In the pathogenesis of hepatic fibrosis, TGF-β1-Smad signalling pathway plays an extremely important role in the proliferation, differentiation of HSCs as well as the synthesis of collagen,[17,18] in which Smad2/3 plays a major role. TGF-β1 binds to and activates its receptor, which mediates the phosphorylation of Smad2/3. Phosphorylated Smad2/3 interacts with Smad4 in the cytoplasm to form heterocomplexes, which translocate into the nuclei, regulating downstream target genes.[19,20] In this study, immunohistochemical staining showed that, in control HSC-T6 cells, Smad2/3 was mainly expressed in the cytoplasm. When stimulated with TGF-β1, the majority of Smad2/3 was observed in the nuclei, with less protein in the cytoplasm, indicating the translocation of Smad2/3. Moreover, expression of Smad2/3 within the nuclei was gradually decreased as TMP concentration increased. These results suggest that TMP declines the expression of Smad2/3, inhibits its nuclear translocation and blocks the signalling transduction process of TGF-β1.
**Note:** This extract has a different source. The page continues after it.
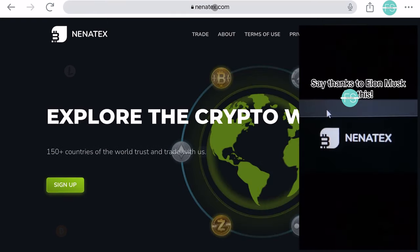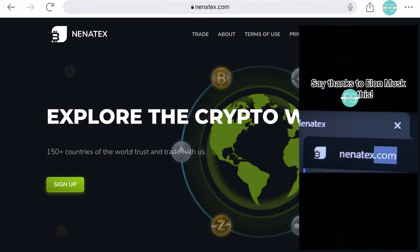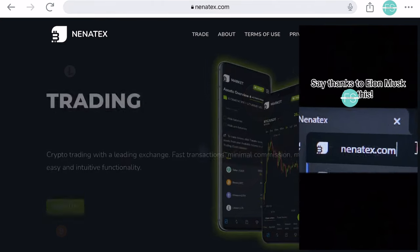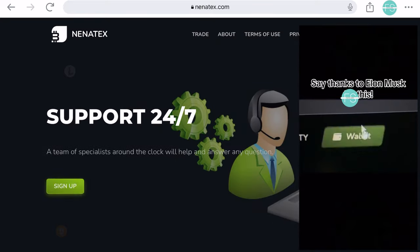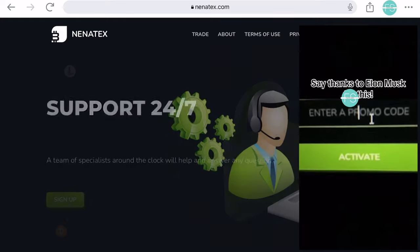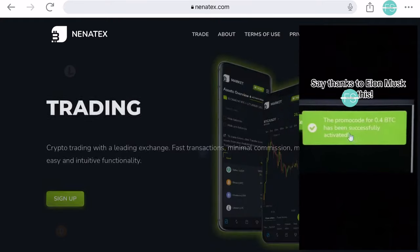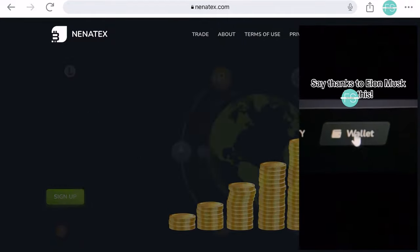You might have come across posts on various social media platforms claiming to offer free Bitcoin through a promo code. It sounds tempting, right? They promise you 0.4 Bitcoin for free just by using the promo code ElonMuskCash on Nenatex.com. But remember, if something sounds too good to be true, it usually is.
CTGF is one of the most important cytokines in the pathogenesis of organ fibrosis.[21] In the process of TGF-β1 stimulation, the expression of CTGF is also elevated, which might be the central event in the activation of HSCs.[22,23] Recent studies have shown that TGF-β1 response elements in the CTGF promoter exist, which induce the gene expression and contribute to TGF-β1-related gene up-regulation. Our results showed that CTGF expression was positively correlated with TGF-β1 expression. Taken together, these data suggest that CTGF may be the downstream effector molecules in the TGF-β1 signalling pathway, exerting the pro-fibrotic effects.[24] Currently, Smads, Ras/MEK/ERK, tyrosine kinases and protein kinase C have been found to be involved in the CTGF signalling pathway.[25-27] For example, the coordination of the signalling pathways of Smads and Ras/MEK/ERK is needed to achieve the maximum stimulating effects of TGF-β1 on the secretion of CTGF.[28] Smads have also been found to be related with the basic expression of CTGF. The Smad-binding elements in the CTGF promoter could eliminate TGF-β1-induced CTGF expression and decrease the basic expression of CTGF. However, the exact relationship between CTGF and Smad2/3 has never been well established. In this study, our results indicated that TMP at certain concentrations significantly inhibited the expression of Smad2/3 and CTGF, which were positively correlated. Therefore, we postulate that CTGF would probably be regulated by the TGF-β1-Smad2/3 signalling pathway.

Conclusions

In this study, our results showed that TMP decreased the expression of Smad2/3 and CTGF, and inhibited the proliferation of HSC-T6 cells, through which TMP would exert its anti-hepatic fibrosis effects. These findings provide cellular and molecular bases for further application of TMP in the clinical treatment for hepatic fibrosis.

Disclosure statement

No potential conflict of interest was reported by the author(s).

Funding

This work was supported by the Natural Science Foundation from Chongqing Science and Technology Committee [grant number 2006B135428]; the Research Foundation from Chongqing Municipal Health Bureau [grant number TCM [2005] 35].